Lunch today was almost the last of the Broad Beans, Runner Beans, Lettuce, the first tomato from the g/h and the Calaloo mix from yesterday; love this time of the year!
Supper this evening will be tagliatelle with sliced yellow courgettes, french beans and cherry tomatoes softened in olive oil with garlic and herbs.
The only ingredients from the shop will be the pasta and the toms - ours aren't ready yet.
Shame on you Dove.........surely you should be harvesting your Pasta by now ?
Did you mention somewhere about Courgette Tart using Sage ? I'm always on the lookout for Courgette recipes to ring the changes so if you have 5 mins to give a basic outline, I'd be grateful. Thanks
Philippa, this is a recipe I've adapted from one by Karadecoolaid on the Wildfood Forum.
Slice the courgettes in rounds and sautée in butter. Season with s & p. Add a few fresh sage leaves, sliced into slivers. Once the courgettes begin to brown, remove and set aside. Blind bake a pastry crust for about 20 minutes at 350° until barely browned. Dry toast a handful of slivered almonds and scatter on the bottom of the pastry crust. Cover with the courgette slices.Top with a generous amount of Gruyére cheese (optional) . Place in the oven for about 10 minutes, or until the cheese has melted. Serve hot or cold.
And lots more courgette recipes here http://www.wildfood.info/viewtopic.php?f=12&t=10375
Dovefromabove wrote (see)
Supper this evening will be tagliatelle with sliced yellow courgettes, french beans and cherry tomatoes softened in olive oil with garlic and herbs. The only ingredients from the shop will be the pasta and the toms - ours aren't ready yet.
Here it is
I've also combined the softened courgettes and sage mixture into a conventional quiche egg and cream mixture and baked it in a pastry case until just set - that works well too.

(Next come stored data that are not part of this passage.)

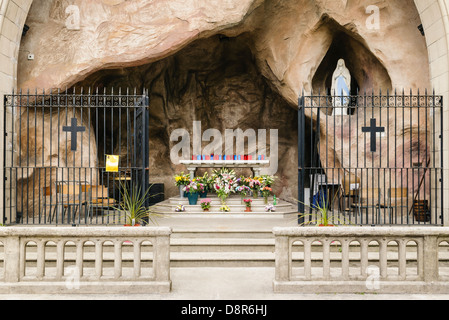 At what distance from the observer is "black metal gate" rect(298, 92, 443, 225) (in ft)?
25.5

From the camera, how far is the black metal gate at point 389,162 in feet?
25.5

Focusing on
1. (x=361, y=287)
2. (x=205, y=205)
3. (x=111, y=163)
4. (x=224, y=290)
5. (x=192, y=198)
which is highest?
(x=111, y=163)

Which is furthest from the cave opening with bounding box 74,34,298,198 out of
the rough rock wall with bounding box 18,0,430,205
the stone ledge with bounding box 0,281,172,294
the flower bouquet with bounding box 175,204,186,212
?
the stone ledge with bounding box 0,281,172,294

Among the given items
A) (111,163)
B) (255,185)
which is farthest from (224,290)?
(255,185)

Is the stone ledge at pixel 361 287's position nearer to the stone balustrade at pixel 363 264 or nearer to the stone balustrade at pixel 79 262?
the stone balustrade at pixel 363 264

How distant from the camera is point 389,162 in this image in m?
10.7

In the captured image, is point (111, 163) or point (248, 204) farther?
point (248, 204)

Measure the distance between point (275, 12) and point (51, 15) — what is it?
6.38 m

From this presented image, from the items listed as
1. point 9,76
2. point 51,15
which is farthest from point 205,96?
point 9,76

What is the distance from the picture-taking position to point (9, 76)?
8.61m

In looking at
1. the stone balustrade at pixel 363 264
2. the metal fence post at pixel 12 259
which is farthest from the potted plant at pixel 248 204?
the metal fence post at pixel 12 259

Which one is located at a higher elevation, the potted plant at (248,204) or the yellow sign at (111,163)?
the yellow sign at (111,163)

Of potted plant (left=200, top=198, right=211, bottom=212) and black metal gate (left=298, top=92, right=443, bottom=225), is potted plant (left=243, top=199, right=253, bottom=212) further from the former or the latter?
black metal gate (left=298, top=92, right=443, bottom=225)

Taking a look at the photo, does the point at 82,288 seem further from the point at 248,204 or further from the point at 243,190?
the point at 243,190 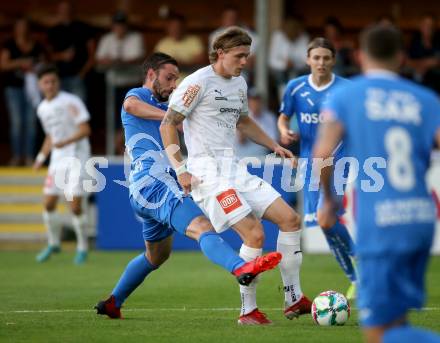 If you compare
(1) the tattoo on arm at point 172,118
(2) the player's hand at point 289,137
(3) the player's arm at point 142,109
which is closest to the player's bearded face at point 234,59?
(1) the tattoo on arm at point 172,118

Yes, I too like the courgette in a Quiche..........combined with sharp green peppers, toms and mushrooms, the yellow looks attractive and tastes good too. Made one the other day and still snacking on it
I tend not to do pastry, so do the same sort of egg/veg mix as a fritatta. Great warm or cold
I posted on another thread about this; BBC Good Food have loads of Courgette recipes including Courgette Bread!
Not tried Courgette bread..........I don't eat a lot of bread but rely on OH to make it..........my favourite is wholemeal with Olives and Sundried Toms. His Pumpkin bread is pretty good too
Enjoyed the seasons first fig, yum
Oooh, mine aren't ripe yet ................... but I've got some Parma ham waiting in the fridge
licking lips and slurping smiley needed
Oh mine didn't make it back to the house!

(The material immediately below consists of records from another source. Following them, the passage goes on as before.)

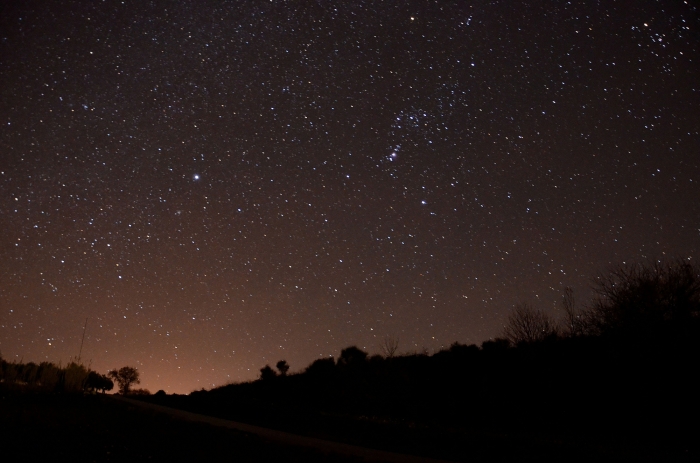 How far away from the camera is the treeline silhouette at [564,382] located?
15500mm

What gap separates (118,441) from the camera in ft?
24.7

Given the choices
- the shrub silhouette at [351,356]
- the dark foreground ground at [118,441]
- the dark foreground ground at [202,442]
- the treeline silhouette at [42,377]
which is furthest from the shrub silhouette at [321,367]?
the dark foreground ground at [118,441]

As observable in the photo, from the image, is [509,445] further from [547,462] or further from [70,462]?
[70,462]

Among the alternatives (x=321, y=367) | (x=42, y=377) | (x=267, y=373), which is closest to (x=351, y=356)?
(x=321, y=367)

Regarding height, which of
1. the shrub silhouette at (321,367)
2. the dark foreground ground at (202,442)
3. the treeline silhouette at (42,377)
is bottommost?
the dark foreground ground at (202,442)

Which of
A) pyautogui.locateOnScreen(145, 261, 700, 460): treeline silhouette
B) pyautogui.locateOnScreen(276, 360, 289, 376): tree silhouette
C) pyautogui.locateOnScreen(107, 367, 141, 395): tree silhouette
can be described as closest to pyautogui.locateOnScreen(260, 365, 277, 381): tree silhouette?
pyautogui.locateOnScreen(276, 360, 289, 376): tree silhouette

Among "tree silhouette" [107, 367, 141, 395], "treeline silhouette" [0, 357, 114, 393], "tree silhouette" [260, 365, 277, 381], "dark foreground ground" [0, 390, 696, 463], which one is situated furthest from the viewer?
"tree silhouette" [107, 367, 141, 395]

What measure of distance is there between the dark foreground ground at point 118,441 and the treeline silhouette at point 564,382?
13.7 ft

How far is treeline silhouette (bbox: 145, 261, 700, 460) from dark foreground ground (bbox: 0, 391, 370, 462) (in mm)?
4161

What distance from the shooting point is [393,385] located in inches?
941

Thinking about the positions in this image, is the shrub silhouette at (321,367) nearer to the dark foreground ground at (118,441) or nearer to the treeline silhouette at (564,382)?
the treeline silhouette at (564,382)

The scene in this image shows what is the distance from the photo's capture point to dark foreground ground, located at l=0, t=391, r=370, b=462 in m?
6.31

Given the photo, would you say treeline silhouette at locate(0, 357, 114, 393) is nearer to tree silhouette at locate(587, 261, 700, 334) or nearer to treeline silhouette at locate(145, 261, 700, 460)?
treeline silhouette at locate(145, 261, 700, 460)

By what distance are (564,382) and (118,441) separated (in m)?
16.1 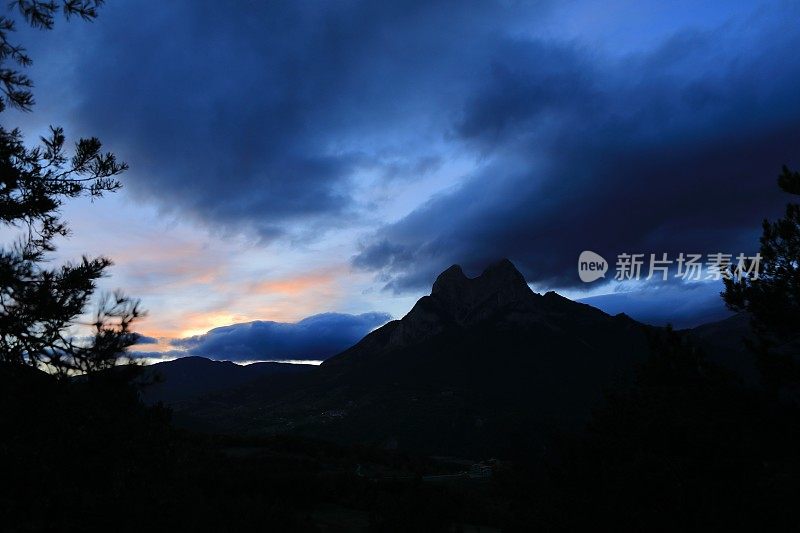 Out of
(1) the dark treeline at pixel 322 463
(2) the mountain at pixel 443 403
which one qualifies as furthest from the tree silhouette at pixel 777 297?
(2) the mountain at pixel 443 403

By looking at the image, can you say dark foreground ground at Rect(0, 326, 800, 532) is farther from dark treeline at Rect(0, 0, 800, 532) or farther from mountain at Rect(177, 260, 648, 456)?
mountain at Rect(177, 260, 648, 456)

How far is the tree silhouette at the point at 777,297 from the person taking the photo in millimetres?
17156

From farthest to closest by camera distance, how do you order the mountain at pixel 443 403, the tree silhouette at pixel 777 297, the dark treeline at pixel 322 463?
1. the mountain at pixel 443 403
2. the tree silhouette at pixel 777 297
3. the dark treeline at pixel 322 463

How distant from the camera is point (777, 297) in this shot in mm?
17734

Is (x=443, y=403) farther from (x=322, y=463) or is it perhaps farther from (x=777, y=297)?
(x=777, y=297)

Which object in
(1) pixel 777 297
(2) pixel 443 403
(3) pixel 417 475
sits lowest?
(2) pixel 443 403

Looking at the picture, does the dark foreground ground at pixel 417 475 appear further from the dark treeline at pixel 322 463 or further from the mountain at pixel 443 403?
the mountain at pixel 443 403

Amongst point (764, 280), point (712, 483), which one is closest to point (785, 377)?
point (764, 280)

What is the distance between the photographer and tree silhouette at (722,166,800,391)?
56.3 feet

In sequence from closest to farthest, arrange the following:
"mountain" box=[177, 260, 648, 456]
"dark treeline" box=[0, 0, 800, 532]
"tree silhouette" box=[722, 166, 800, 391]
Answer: "dark treeline" box=[0, 0, 800, 532] → "tree silhouette" box=[722, 166, 800, 391] → "mountain" box=[177, 260, 648, 456]

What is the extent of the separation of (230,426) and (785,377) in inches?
5939

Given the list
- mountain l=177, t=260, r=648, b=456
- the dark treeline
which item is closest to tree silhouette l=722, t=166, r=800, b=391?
the dark treeline

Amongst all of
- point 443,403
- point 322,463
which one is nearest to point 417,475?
point 322,463

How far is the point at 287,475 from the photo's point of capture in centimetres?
1795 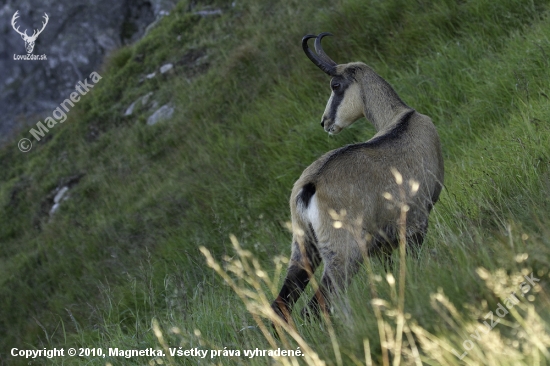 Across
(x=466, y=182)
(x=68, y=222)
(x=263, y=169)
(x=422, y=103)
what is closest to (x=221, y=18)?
(x=68, y=222)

What do you have yours with? I've seen them baked with goats cheese and walnuts on master chef!
Parma ham and figs.............the ultimate IMO. If no ripe figs, Ogen melon will do at a push. Lord, I feel really peckish just thinking about it
If you have a glut of Toms, courgettes n onions try chopping them all up small and fry with a little garlic n salt n pepper until very soft . Add a little knob of butter at the end and spread on toasted Ciabatta or French stick for lunch. Yummy !!!
I love them baked with goats cheese and walnuts - absolutely delicious - nearly as nice as warm from the sun with parma ham - dribble dribble ....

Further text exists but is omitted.